* **About this exercise**: Please return the data that follows precisely as written, but without the images.

* **Given data**:

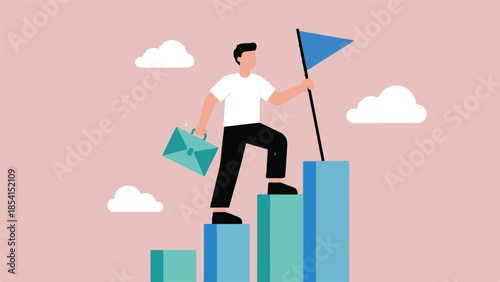 Businessman climbing a bar graph with flag, symbolizing career success and goals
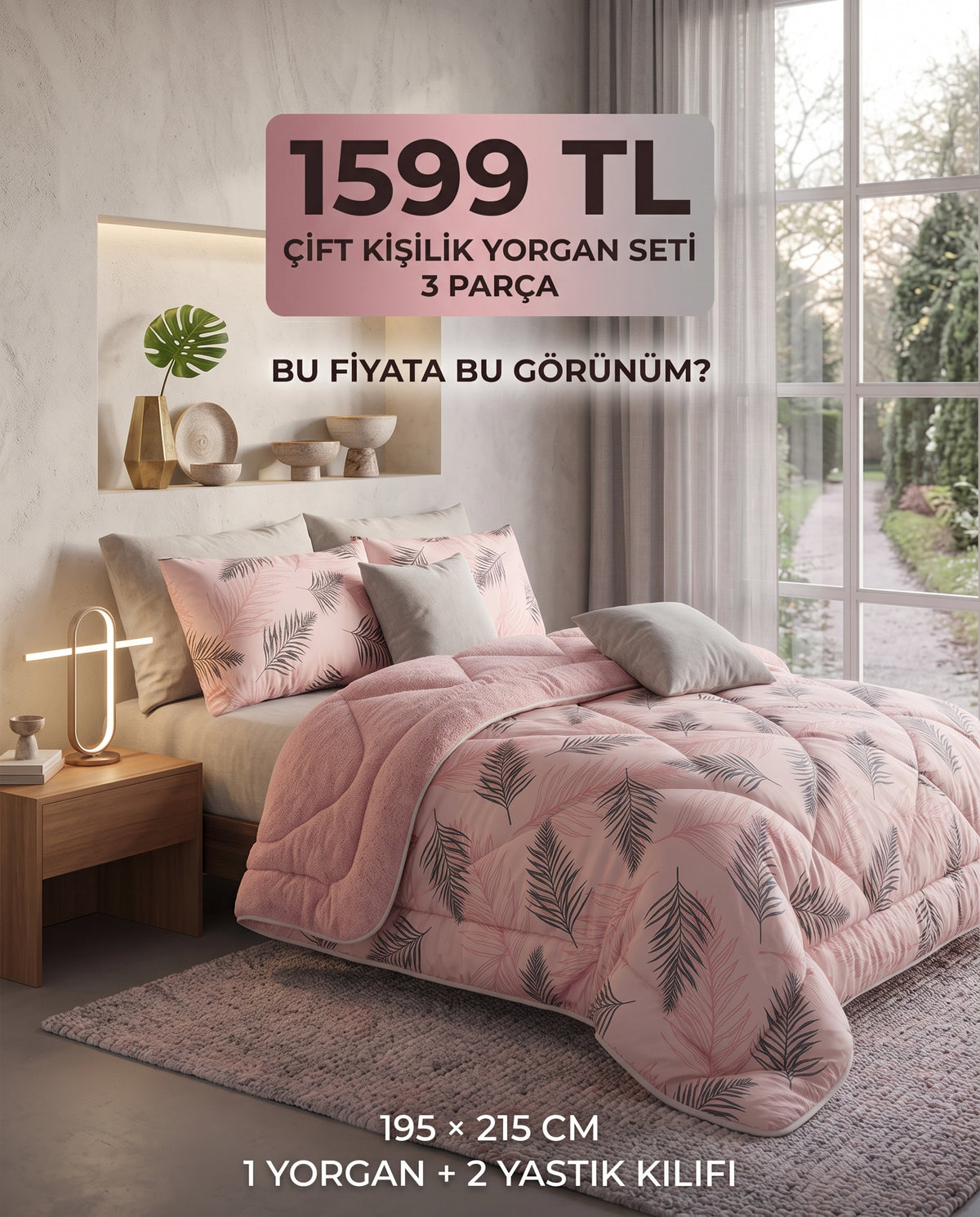 Tüylü Pembe Çift Kişilik Wellsoft Yorgan Seti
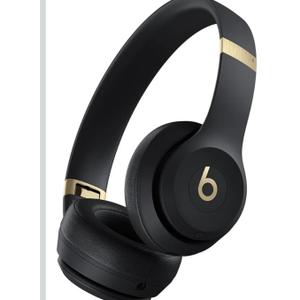 Beats Solo 4 - Wireless On-Ear Bluetooth Headphones, Up to 50-Hour Battery Life, Ultra-Lightweight Comfort, Powerful and Balanced Sound, Apple & Android Compatible - Black & Gold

* **Response for this exercise**:
 Businessman climbing a bar graph with flag, symbolizing career success and goals
 Tüylü Pembe Çift Kişilik Wellsoft Yorgan Seti
 Beats Solo 4 - Wireless On-Ear Bluetooth Headphones, Up to 50-Hour Battery Life, Ultra-Lightweight Comfort, Powerful and Balanced Sound, Apple & Android Compatible - Black & Gold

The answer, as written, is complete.